(Beginning of EXERCISE MATERIAL)

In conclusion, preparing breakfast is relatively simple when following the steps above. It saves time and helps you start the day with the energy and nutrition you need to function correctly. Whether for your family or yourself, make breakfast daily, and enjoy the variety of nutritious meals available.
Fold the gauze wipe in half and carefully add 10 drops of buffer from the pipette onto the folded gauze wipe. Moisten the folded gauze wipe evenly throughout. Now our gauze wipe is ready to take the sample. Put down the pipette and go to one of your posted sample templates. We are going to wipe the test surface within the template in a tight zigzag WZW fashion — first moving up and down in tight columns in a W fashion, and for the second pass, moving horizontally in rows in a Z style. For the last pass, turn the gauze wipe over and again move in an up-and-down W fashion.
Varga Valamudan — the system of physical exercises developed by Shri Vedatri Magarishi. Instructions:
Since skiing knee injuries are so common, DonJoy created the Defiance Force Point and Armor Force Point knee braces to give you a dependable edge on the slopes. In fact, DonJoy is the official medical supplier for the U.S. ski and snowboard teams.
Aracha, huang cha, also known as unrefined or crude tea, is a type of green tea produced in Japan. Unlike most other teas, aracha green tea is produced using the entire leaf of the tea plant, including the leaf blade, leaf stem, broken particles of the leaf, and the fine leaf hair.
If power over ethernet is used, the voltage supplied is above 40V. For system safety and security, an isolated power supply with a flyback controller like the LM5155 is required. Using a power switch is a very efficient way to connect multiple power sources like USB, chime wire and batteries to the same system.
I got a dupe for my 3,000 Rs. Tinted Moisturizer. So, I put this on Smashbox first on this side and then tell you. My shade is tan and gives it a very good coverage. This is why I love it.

(End of EXERCISE MATERIAL)
(Beginning of EXERCISE MATERIAL)

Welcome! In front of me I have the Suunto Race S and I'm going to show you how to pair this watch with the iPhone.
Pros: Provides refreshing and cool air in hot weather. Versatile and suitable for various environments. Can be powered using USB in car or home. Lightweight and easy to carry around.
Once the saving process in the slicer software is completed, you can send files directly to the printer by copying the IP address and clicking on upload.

(End of EXERCISE MATERIAL)

EXERCISE OBJECTIVE:
Copy out whichever lines of the listing contain the word "very".

EXERCISE SOLUTION:
If power over ethernet is used, the voltage supplied is above 40V. For system safety and security, an isolated power supply with a flyback controller like the LM5155 is required. Using a power switch is a very efficient way to connect multiple power sources like USB, chime wire and batteries to the same system.
I got a dupe for my 3,000 Rs. Tinted Moisturizer. So, I put this on Smashbox first on this side and then tell you. My shade is tan and gives it a very good coverage. This is why I love it.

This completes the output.